Nvfp4 moe example

Gemma 4 NVFP4 MoE Example

This example quantizes the google/gemma-4-26B-A4B-it sparse MoE model to NVFP4 (weights and activations quantized to FP4) using data-driven PTQ with calibration. The SequentialGemma4TextExperts modules are applied automatically by the pipeline to enable proper expert handling and vLLM compatibility.
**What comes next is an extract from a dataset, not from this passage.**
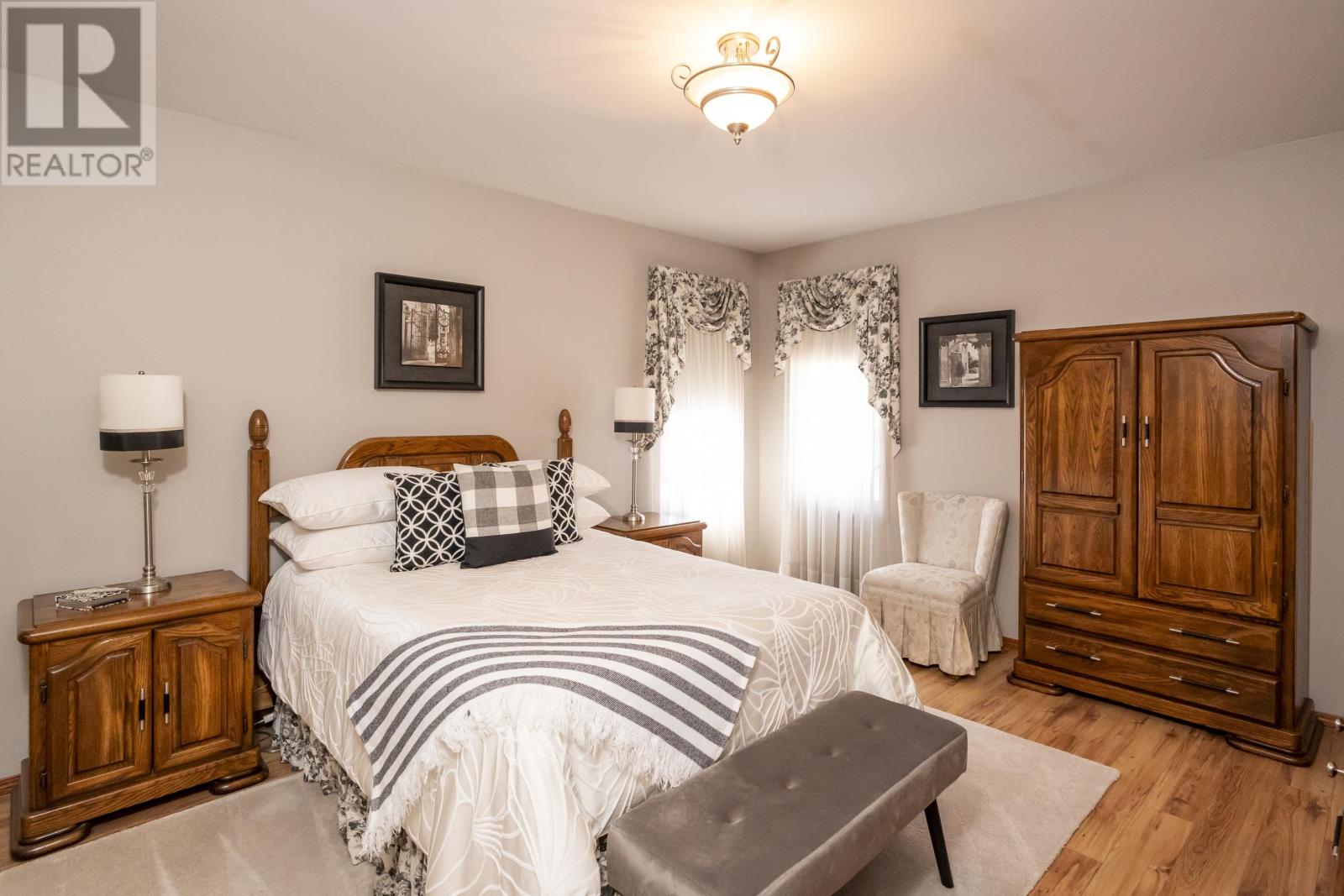 185 Ridgecrest RD - 24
The full example script can be found here.

Code Walkthrough

Let's walk through the main steps of the quantization process: 1. Load model 2. Configure quantization algorithm and scheme 3. Prepare calibration dataset 4. Apply quantization 5. Save to disk in compressed-tensors format

1. Load Model

import torch
from datasets import load_dataset
from transformers import AutoProcessor, Gemma4ForConditionalGeneration

from llmcompressor import oneshot
from llmcompressor.modifiers.quantization import QuantizationModifier

MODEL_ID = "google/gemma-4-26B-A4B-it"

model = Gemma4ForConditionalGeneration.from_pretrained(MODEL_ID)
processor = AutoProcessor.from_pretrained(MODEL_ID)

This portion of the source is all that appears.